Clinical course and short-term outcomes of pregnancy in a high-risk population of women with cardiovascular disease

Ailis Ceara Haney (Heidelberg)1, I. Hörbrand (Heidelberg)1, D. Siry (Heidelberg)1, N. Frey (Heidelberg)1, P. Ehlermann (Heidelberg)1, J. Beckendorf (Heidelberg)1

1Universitätsklinikum Heidelberg Klinik für Innere Med. III, Kardiologie, Angiologie u. Pneumologie Heidelberg, Deutschland



Pregnancy poses hemodynamic challenges which healthy women can usually manage without problems. However, for women with cardiovascular disease this can mean increased risk for complications, both for the mother and the fetus. On top of that, the long-term risk of cardiovascular disease was shown to be increased for women with complications during pregnancy. The guidelines of the European Society of Cardiology recommend treating high-risk patients in specialized centres by an interdisciplinary pregnancy heart team. In a team-based approach, the Pregnancy Heart Team was founded at University Hospital Heidelberg, in order to establish specific structures of communication and responsibility.

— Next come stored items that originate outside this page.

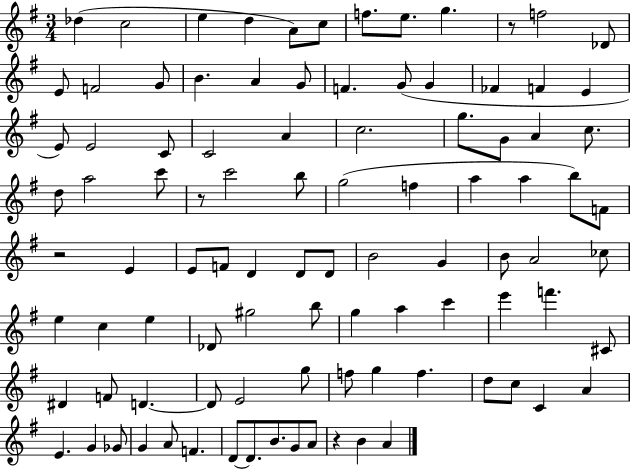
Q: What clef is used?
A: treble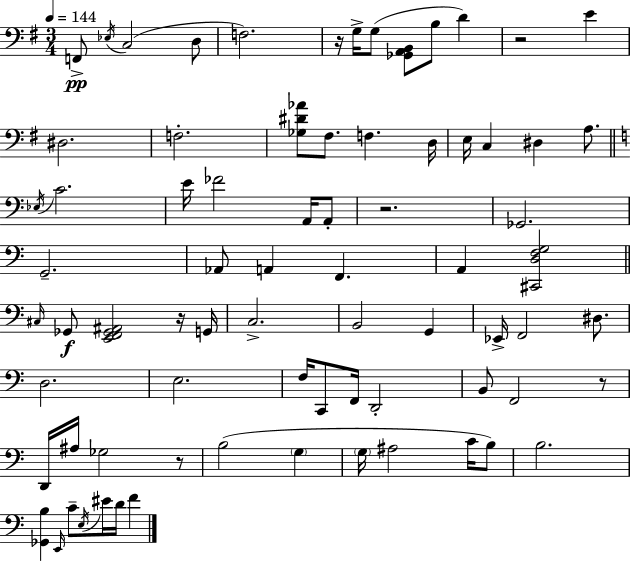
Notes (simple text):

F2/e Eb3/s C3/h D3/e F3/h. R/s G3/s G3/e [Gb2,A2,B2]/e B3/e D4/q R/h E4/q D#3/h. F3/h. [Gb3,D#4,Ab4]/e F#3/e. F3/q. D3/s E3/s C3/q D#3/q A3/e. Eb3/s C4/h. E4/s FES4/h A2/s A2/e R/h. Gb2/h. G2/h. Ab2/e A2/q F2/q. A2/q [C#2,D3,F3,G3]/h C#3/s Gb2/e [E2,F2,Gb2,A#2]/h R/s G2/s C3/h. B2/h G2/q Eb2/s F2/h D#3/e. D3/h. E3/h. F3/s C2/e F2/s D2/h B2/e F2/h R/e D2/s A#3/s Gb3/h R/e B3/h G3/q G3/s A#3/h C4/s B3/e B3/h. [Gb2,B3]/q E2/s C4/e E3/s EIS4/s D4/s F4/q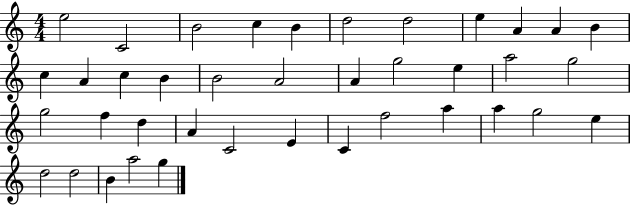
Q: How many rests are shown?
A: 0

A registry of all patients treated by the Pregnancy Heart Team was established in 2022. All patients treated by the Pregnancy Heart Team between November 2022 and October 2023 were analyzed. Patients with pregnancy-associated cardiovascular disease were included as well as patients with preexisting cardiovascular disease wishing to become pregnant or undergoing pregnancy. Patients were evaluated clinically, by echocardiography and with lab work before pregnancy, during each trimester and in the postpartum period, when feasible. 

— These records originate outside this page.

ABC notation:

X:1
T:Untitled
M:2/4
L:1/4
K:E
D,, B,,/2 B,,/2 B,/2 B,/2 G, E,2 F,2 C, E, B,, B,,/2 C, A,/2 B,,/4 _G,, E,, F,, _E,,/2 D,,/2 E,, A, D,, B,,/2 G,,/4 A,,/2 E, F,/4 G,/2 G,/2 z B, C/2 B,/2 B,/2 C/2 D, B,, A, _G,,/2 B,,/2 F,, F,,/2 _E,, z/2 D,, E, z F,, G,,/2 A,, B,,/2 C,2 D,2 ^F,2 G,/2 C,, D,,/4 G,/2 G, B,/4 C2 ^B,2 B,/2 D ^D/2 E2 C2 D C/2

In total 36 women (mean age 34±6 years) were prospectively included in the registry. 17 patients (47.2 %) were classified as mWHO ≥ III. 16 patients (44.4 %) with preexisting (pregnancy-associated) cardiovascular disease were managed throughout pregnancy and delivery. 8 patients (22.2 %) developed pregnancy-associated cardiovascular diseases such as peripartum cardiomyopathy or spontaneous coronary artery dissection. Preliminary data shows that mean left-ventricular ejection fraction remained stable during pregnancy with a non-significant trend towards lower values postpartum. Cardiac biomarkers such as high-sensitivity troponin T and NT-pro-BNP showed a non-significant trend towards increased values in the third trimester and postpartum. Adverse maternal outcomes occurred in 11 patients (30.5 %), including preterm premature rupture of membranes (13.8%), gestational hypertension (8.3%), gestational diabetes (5.6%), preeclampsia/eclampsia (8.3%) and delivery-associated complications (8.3%). Fetal complications included macrosomia (11.1%) or intrauterine growth retardation (8.3%).



Our preliminary data within a high-risk population of women with cardiovascular disease demonstrated that whilst left-ventricular ejection fraction remained stable throughout pregnancy, a significant amount of patients experienced adverse pregnancy outcomes. As recent studies have shown, interpretation of standard parameters such as cardiac biomarkers is not fully understood during pregnancy, especially in women with pre-existing cardiovascular disease. Further analyses in the future may aid to understand prognostic implications of cardiac biomarkers during pregnancy.